**GIVEN DATA**:
╔══

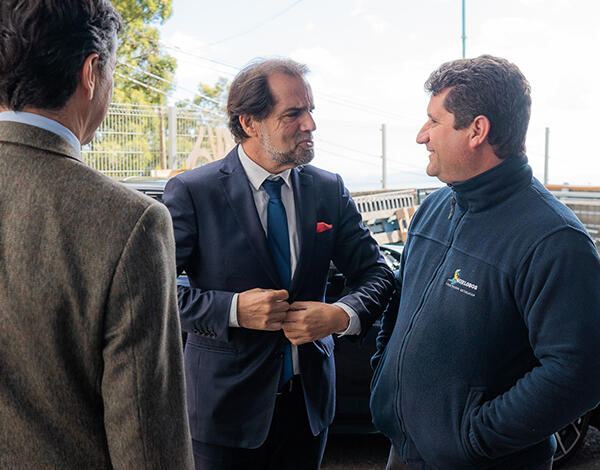 Madeira só aguarda resposta de Bruxelas para ajudar empresas a suportar aumentos da energia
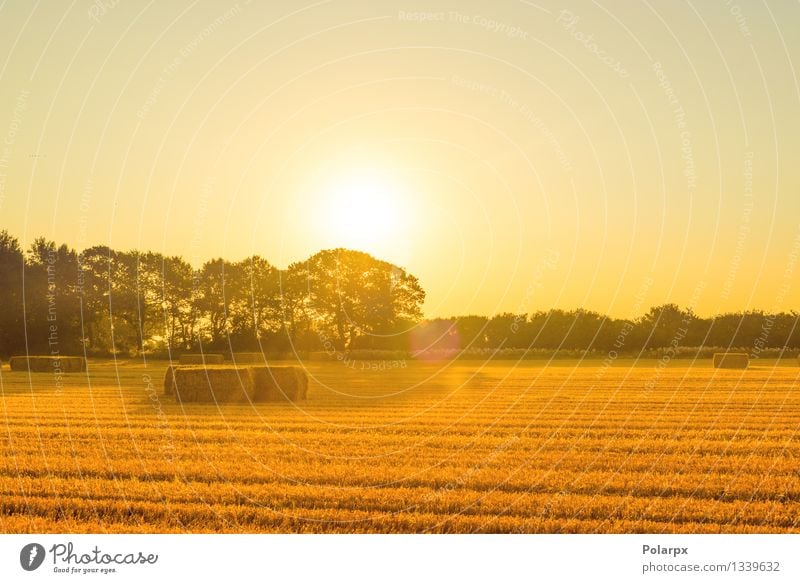 Round bales of straw in a meadow in a hilly landscape. Álava Province,  Basque Country, Spain - a Royalty Free Stock Photo from Photocase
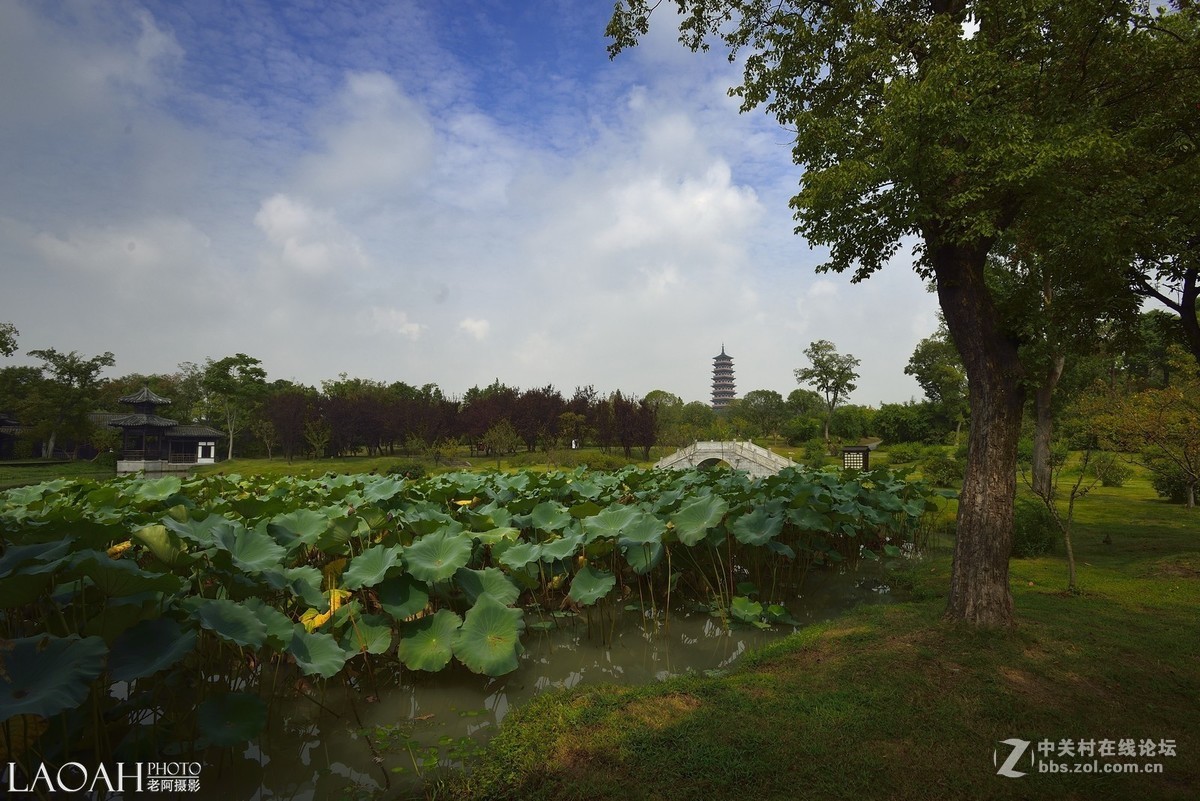 “天下三分明月夜，二分无赖是扬州”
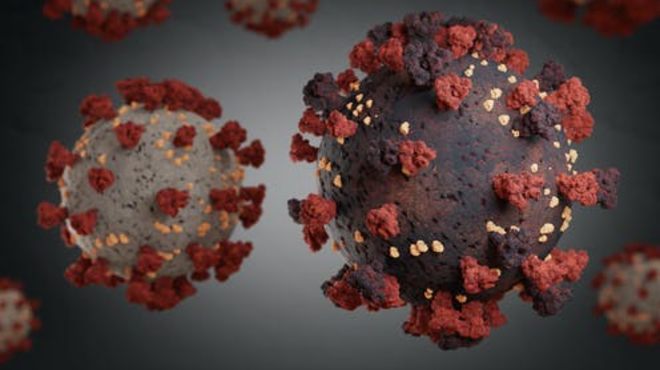 Científicos de la UMSA detectan variante andina del COVID-19 en La Paz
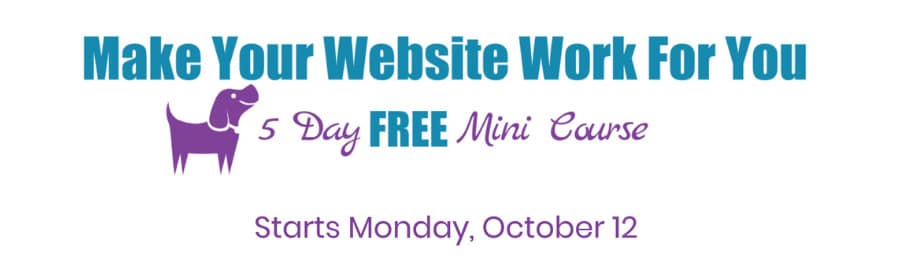 Make Your Website Work for You Mini Course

╚══

**PROBLEM DETAILS**: Nothing but the lines from the one that contains "Científicos de la" through the end of the material above is to be reproduced, exactly and without pictures.

**EXERCISE OUTPUT**:
 Científicos de la UMSA detectan variante andina del COVID-19 en La Paz
 Make Your Website Work for You Mini Course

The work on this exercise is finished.